Review By: Daniel Campanelli
08/25/2011This book teaches time-tested principles of reliability engineering. Although written from the point of view of generic product development, the tools and techniques are easily adaptable to software development. The authors educate the reader on the principles of reliability engineering while at the same time providing real-world commentary from their own experiences.
It appears that reliability and robustness are two sides of the same coin. Reliability is the likelihood that a product or process will survive for a certain period of time. Robustness is the product’s insensitivity to sources of variation acting upon it over its useful life. So, increasing the robustness of the product during its development extends its resulting reliability to users. Since reliability is important to customers, a business can possibly increase its competitive position in the marketplace by increasing a product’s reliability.
The challenge is to improve the robustness of its product at a cost that is less than the loss of quality in the marketplace. A product’s reliability could be compromised at several points throughout its lifecycle: design, manufacturing, production usage, or servicing and repairs. Since the cost of improving the product increases exponentially as it evolves over its lifecycle and the customer’s perception of quality is paramount, the best place to increase the robustness of a product is during requirements and design.
The authors not only discuss a plethora of tools for proactively designing robustness into a product but also show how the tools relate to each other throughout the process. Many of the tools deal with statistical techniques and are somewhat challenging to understand. However, that should not stop the serious practitioner from reading this book. The advice given on how to use (and not use) the tools should be enough of an incentive to read it. The reader can study details of the statistical techniques later, when particular situations call for them.
I think any practitioner looking to be at the top of his or her profession should read this book. After all, good quality engineers will take steps to detect failures before a product hits the market. However, excellent quality engineers will take steps to prevent failures before they occur, and those select few will benefit most from this book.
Review By: Britt E. Cluff
08/25/2011If you are involved in product development, you should definitely read this book. It is quite long but contains a wealth of information. It is broken down into four primary sections. The first covers the critical drivers of value, the second provides a framework for reliability development, the third covers tools and methods for reliability development, and the last section focuses on the integration of frameworks and methods.

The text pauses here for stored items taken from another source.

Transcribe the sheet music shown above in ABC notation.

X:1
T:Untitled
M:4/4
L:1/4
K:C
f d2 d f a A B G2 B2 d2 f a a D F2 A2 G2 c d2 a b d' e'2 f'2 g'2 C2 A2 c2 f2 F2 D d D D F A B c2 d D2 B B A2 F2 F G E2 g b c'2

If you develop products, you really need to understand the drivers of value. There are several drivers that most product development teams fail to consider. In order to provide or increase value, consider reliability, risk management, voice of the customer, voice of technology, and overall product quality. How much value does each incremental improvement in quality provide? If the product works as advertised and customers are happy, then the product has provided value.
The second section provides an overview of several industry methodologies that you should consider when creating a framework. They include DMAIC Six Sigma to identify and solve existing problems, Design for Six Sigma for problem prevention, lean product development to shorten development times and reduce development costs, set-based design (based on Toyota’s product development process) to develop a thorough knowledge of the behaviors across the design space and its alternative configurations, and agile development to engage customers so that late changes can be less disruptive. Your teams should be students of all these strategies in order to provide the best framework for reliability development.
The third section provides a very detailed discussion on several tools and methods for reliability development. It starts with an excellent discussion on managing customer-driven requirements. Good requirements are the basis for any development effort, and gathering and managing requirements can be a complicated process.
The chapter on quality function deployment (QFD) is particularly interesting. QFD is a methodology to translate the needs of your customers into the requirements for your solutions. It utilizes workshops to integrate the voice of the customer with the voice of your business and technologies. This chapter alone makes the book worth purchasing.
The section ends with several chapters on statistical analysis of projects to help you make decisions based on data rather feelings or intuition. These chapters require careful reading, as they are very detailed and require some understanding of statistics and modeling. The areas covered are descriptive statistics, inferential statistics, and building models with ANOVA (analysis of variance) and regression among others.
The final section provides techniques on integrating frameworks and methods. The core concept in this section is critical parameter management. It is intended to ensure that all product characteristics affecting attributes important to customers are characterized, specified, and in compliance with requirements. Understanding the behaviors of product characteristics that are really important helps you evaluate risks. Gaining this knowledge earlier in the development process will improve the overall quality and reliability of any product.
This book provides a wealth of information on developing high-quality, reliable products. It is not an easy read due to the depth and the amount of statistical models that are covered. I recommend that you set aside plenty of time to read and study each chapter.